### Data records:
----

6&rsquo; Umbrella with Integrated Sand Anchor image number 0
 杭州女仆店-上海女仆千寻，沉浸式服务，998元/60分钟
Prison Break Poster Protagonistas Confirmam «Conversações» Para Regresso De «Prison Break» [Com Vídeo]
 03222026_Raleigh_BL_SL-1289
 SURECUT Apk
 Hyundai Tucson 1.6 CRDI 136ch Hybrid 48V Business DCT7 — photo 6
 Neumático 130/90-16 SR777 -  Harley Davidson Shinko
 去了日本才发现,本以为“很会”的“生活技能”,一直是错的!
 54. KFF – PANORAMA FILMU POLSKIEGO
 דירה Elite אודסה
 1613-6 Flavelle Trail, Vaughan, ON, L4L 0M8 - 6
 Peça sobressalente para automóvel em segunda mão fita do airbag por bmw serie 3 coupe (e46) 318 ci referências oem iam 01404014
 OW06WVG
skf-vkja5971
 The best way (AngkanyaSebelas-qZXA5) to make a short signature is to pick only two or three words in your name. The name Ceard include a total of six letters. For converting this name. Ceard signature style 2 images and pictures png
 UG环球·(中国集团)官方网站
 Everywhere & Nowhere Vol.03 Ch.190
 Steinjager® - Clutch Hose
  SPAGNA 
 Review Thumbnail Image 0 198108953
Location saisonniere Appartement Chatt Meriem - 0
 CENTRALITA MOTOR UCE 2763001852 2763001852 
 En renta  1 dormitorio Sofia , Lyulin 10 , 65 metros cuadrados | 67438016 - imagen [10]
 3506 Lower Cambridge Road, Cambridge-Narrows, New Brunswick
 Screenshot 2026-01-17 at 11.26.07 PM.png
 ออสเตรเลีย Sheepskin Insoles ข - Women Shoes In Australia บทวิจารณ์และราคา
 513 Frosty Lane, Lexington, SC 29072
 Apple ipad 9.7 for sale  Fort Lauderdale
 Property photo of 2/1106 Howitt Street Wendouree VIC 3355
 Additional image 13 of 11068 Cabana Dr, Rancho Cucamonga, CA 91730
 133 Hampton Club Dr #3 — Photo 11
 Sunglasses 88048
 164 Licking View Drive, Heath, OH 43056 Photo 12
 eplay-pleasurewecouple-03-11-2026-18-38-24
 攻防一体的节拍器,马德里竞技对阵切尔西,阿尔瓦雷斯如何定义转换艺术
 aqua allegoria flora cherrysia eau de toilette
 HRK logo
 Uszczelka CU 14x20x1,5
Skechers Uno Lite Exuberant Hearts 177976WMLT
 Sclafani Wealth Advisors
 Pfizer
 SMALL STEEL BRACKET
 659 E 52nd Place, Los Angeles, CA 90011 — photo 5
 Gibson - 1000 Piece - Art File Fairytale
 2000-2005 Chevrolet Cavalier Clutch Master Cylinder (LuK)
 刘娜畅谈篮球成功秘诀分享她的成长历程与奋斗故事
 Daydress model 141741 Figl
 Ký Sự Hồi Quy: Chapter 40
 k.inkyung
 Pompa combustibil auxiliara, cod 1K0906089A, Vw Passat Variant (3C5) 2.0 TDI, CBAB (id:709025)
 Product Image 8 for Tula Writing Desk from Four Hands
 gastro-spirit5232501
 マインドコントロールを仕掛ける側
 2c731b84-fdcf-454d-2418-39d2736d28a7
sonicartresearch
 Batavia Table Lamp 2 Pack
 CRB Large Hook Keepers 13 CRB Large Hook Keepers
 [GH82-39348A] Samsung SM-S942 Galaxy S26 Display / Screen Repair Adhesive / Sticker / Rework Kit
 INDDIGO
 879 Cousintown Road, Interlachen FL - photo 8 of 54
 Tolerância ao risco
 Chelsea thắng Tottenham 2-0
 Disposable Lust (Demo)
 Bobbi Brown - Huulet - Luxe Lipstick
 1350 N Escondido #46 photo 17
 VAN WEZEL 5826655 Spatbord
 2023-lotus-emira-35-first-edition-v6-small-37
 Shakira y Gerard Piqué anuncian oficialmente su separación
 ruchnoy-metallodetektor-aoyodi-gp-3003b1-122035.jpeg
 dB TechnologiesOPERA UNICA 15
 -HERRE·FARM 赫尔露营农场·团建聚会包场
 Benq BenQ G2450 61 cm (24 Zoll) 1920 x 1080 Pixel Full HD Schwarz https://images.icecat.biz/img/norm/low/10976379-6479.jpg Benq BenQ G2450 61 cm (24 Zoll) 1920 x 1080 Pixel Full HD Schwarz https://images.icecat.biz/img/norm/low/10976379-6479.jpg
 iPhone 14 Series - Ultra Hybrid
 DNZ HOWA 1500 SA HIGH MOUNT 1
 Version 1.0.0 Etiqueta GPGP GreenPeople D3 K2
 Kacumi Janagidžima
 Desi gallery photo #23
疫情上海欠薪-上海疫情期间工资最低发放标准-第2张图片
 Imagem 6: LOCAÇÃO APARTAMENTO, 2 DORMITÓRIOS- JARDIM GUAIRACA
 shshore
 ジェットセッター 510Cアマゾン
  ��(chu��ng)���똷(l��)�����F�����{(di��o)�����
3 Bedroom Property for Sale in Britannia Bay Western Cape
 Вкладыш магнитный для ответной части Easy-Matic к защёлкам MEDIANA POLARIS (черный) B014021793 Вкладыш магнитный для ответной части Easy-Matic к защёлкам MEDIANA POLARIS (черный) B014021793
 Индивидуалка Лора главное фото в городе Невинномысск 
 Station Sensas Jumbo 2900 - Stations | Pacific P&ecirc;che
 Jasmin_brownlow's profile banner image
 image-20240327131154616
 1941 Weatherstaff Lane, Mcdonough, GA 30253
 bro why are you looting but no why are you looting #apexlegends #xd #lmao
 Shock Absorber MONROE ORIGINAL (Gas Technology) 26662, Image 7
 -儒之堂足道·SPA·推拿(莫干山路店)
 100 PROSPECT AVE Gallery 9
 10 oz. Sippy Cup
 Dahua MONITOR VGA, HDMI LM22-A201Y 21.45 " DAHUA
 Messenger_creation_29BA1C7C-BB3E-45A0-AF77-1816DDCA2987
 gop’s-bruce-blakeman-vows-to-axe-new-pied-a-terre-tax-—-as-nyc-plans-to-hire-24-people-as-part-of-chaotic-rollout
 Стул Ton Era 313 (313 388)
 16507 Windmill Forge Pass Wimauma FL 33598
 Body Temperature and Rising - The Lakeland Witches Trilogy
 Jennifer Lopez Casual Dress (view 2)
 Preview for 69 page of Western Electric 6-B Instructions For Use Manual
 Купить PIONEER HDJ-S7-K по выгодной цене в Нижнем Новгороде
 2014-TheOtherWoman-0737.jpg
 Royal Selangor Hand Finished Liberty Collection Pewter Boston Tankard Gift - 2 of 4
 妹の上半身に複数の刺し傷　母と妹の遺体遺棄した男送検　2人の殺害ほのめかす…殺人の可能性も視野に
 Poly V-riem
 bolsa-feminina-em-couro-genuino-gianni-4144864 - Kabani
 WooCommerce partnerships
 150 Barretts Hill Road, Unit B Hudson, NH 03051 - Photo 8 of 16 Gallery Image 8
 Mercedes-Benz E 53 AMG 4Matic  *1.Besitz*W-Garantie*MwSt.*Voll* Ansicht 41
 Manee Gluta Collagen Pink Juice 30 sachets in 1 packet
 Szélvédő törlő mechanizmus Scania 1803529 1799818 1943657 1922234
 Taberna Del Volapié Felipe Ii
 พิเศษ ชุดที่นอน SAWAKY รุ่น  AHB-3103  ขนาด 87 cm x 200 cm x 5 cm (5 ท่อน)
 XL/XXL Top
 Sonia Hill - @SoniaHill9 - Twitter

----

### Work required:
The answer should consist of the full listing, repeated exactly.

### Answer space:
6&rsquo; Umbrella with Integrated Sand Anchor image number 0
 杭州女仆店-上海女仆千寻，沉浸式服务，998元/60分钟
Prison Break Poster Protagonistas Confirmam «Conversações» Para Regresso De «Prison Break» [Com Vídeo]
 03222026_Raleigh_BL_SL-1289
 SURECUT Apk
 Hyundai Tucson 1.6 CRDI 136ch Hybrid 48V Business DCT7 — photo 6
 Neumático 130/90-16 SR777 -  Harley Davidson Shinko
 去了日本才发现,本以为“很会”的“生活技能”,一直是错的!
 54. KFF – PANORAMA FILMU POLSKIEGO
 דירה Elite אודסה
 1613-6 Flavelle Trail, Vaughan, ON, L4L 0M8 - 6
 Peça sobressalente para automóvel em segunda mão fita do airbag por bmw serie 3 coupe (e46) 318 ci referências oem iam 01404014
 OW06WVG
skf-vkja5971
 The best way (AngkanyaSebelas-qZXA5) to make a short signature is to pick only two or three words in your name. The name Ceard include a total of six letters. For converting this name. Ceard signature style 2 images and pictures png
 UG环球·(中国集团)官方网站
 Everywhere & Nowhere Vol.03 Ch.190
 Steinjager® - Clutch Hose
  SPAGNA 
 Review Thumbnail Image 0 198108953
Location saisonniere Appartement Chatt Meriem - 0
 CENTRALITA MOTOR UCE 2763001852 2763001852 
 En renta  1 dormitorio Sofia , Lyulin 10 , 65 metros cuadrados | 67438016 - imagen [10]
 3506 Lower Cambridge Road, Cambridge-Narrows, New Brunswick
 Screenshot 2026-01-17 at 11.26.07 PM.png
 ออสเตรเลีย Sheepskin Insoles ข - Women Shoes In Australia บทวิจารณ์และราคา
 513 Frosty Lane, Lexington, SC 29072
 Apple ipad 9.7 for sale  Fort Lauderdale
 Property photo of 2/1106 Howitt Street Wendouree VIC 3355
 Additional image 13 of 11068 Cabana Dr, Rancho Cucamonga, CA 91730
 133 Hampton Club Dr #3 — Photo 11
 Sunglasses 88048
 164 Licking View Drive, Heath, OH 43056 Photo 12
 eplay-pleasurewecouple-03-11-2026-18-38-24
 攻防一体的节拍器,马德里竞技对阵切尔西,阿尔瓦雷斯如何定义转换艺术
 aqua allegoria flora cherrysia eau de toilette
 HRK logo
 Uszczelka CU 14x20x1,5
Skechers Uno Lite Exuberant Hearts 177976WMLT
 Sclafani Wealth Advisors
 Pfizer
 SMALL STEEL BRACKET
 659 E 52nd Place, Los Angeles, CA 90011 — photo 5
 Gibson - 1000 Piece - Art File Fairytale
 2000-2005 Chevrolet Cavalier Clutch Master Cylinder (LuK)
 刘娜畅谈篮球成功秘诀分享她的成长历程与奋斗故事
 Daydress model 141741 Figl
 Ký Sự Hồi Quy: Chapter 40
 k.inkyung
 Pompa combustibil auxiliara, cod 1K0906089A, Vw Passat Variant (3C5) 2.0 TDI, CBAB (id:709025)
 Product Image 8 for Tula Writing Desk from Four Hands
 gastro-spirit5232501
 マインドコントロールを仕掛ける側
 2c731b84-fdcf-454d-2418-39d2736d28a7
sonicartresearch
 Batavia Table Lamp 2 Pack
 CRB Large Hook Keepers 13 CRB Large Hook Keepers
 [GH82-39348A] Samsung SM-S942 Galaxy S26 Display / Screen Repair Adhesive / Sticker / Rework Kit
 INDDIGO
 879 Cousintown Road, Interlachen FL - photo 8 of 54
 Tolerância ao risco
 Chelsea thắng Tottenham 2-0
 Disposable Lust (Demo)
 Bobbi Brown - Huulet - Luxe Lipstick
 1350 N Escondido #46 photo 17
 VAN WEZEL 5826655 Spatbord
 2023-lotus-emira-35-first-edition-v6-small-37
 Shakira y Gerard Piqué anuncian oficialmente su separación
 ruchnoy-metallodetektor-aoyodi-gp-3003b1-122035.jpeg
 dB TechnologiesOPERA UNICA 15
 -HERRE·FARM 赫尔露营农场·团建聚会包场
 Benq BenQ G2450 61 cm (24 Zoll) 1920 x 1080 Pixel Full HD Schwarz https://images.icecat.biz/img/norm/low/10976379-6479.jpg Benq BenQ G2450 61 cm (24 Zoll) 1920 x 1080 Pixel Full HD Schwarz https://images.icecat.biz/img/norm/low/10976379-6479.jpg
 iPhone 14 Series - Ultra Hybrid
 DNZ HOWA 1500 SA HIGH MOUNT 1
 Version 1.0.0 Etiqueta GPGP GreenPeople D3 K2
 Kacumi Janagidžima
 Desi gallery photo #23
疫情上海欠薪-上海疫情期间工资最低发放标准-第2张图片
 Imagem 6: LOCAÇÃO APARTAMENTO, 2 DORMITÓRIOS- JARDIM GUAIRACA
 shshore
 ジェットセッター 510Cアマゾン
  ��(chu��ng)���똷(l��)�����F�����{(di��o)�����
3 Bedroom Property for Sale in Britannia Bay Western Cape
 Вкладыш магнитный для ответной части Easy-Matic к защёлкам MEDIANA POLARIS (черный) B014021793 Вкладыш магнитный для ответной части Easy-Matic к защёлкам MEDIANA POLARIS (черный) B014021793
 Индивидуалка Лора главное фото в городе Невинномысск 
 Station Sensas Jumbo 2900 - Stations | Pacific P&ecirc;che
 Jasmin_brownlow's profile banner image
 image-20240327131154616
 1941 Weatherstaff Lane, Mcdonough, GA 30253
 bro why are you looting but no why are you looting #apexlegends #xd #lmao
 Shock Absorber MONROE ORIGINAL (Gas Technology) 26662, Image 7
 -儒之堂足道·SPA·推拿(莫干山路店)
 100 PROSPECT AVE Gallery 9
 10 oz. Sippy Cup
 Dahua MONITOR VGA, HDMI LM22-A201Y 21.45 " DAHUA
 Messenger_creation_29BA1C7C-BB3E-45A0-AF77-1816DDCA2987
 gop’s-bruce-blakeman-vows-to-axe-new-pied-a-terre-tax-—-as-nyc-plans-to-hire-24-people-as-part-of-chaotic-rollout
 Стул Ton Era 313 (313 388)
 16507 Windmill Forge Pass Wimauma FL 33598
 Body Temperature and Rising - The Lakeland Witches Trilogy
 Jennifer Lopez Casual Dress (view 2)
 Preview for 69 page of Western Electric 6-B Instructions For Use Manual
 Купить PIONEER HDJ-S7-K по выгодной цене в Нижнем Новгороде
 2014-TheOtherWoman-0737.jpg
 Royal Selangor Hand Finished Liberty Collection Pewter Boston Tankard Gift - 2 of 4
 妹の上半身に複数の刺し傷　母と妹の遺体遺棄した男送検　2人の殺害ほのめかす…殺人の可能性も視野に
 Poly V-riem
 bolsa-feminina-em-couro-genuino-gianni-4144864 - Kabani
 WooCommerce partnerships
 150 Barretts Hill Road, Unit B Hudson, NH 03051 - Photo 8 of 16 Gallery Image 8
 Mercedes-Benz E 53 AMG 4Matic  *1.Besitz*W-Garantie*MwSt.*Voll* Ansicht 41
 Manee Gluta Collagen Pink Juice 30 sachets in 1 packet
 Szélvédő törlő mechanizmus Scania 1803529 1799818 1943657 1922234
 Taberna Del Volapié Felipe Ii
 พิเศษ ชุดที่นอน SAWAKY รุ่น  AHB-3103  ขนาด 87 cm x 200 cm x 5 cm (5 ท่อน)
 XL/XXL Top
 Sonia Hill - @SoniaHill9 - Twitter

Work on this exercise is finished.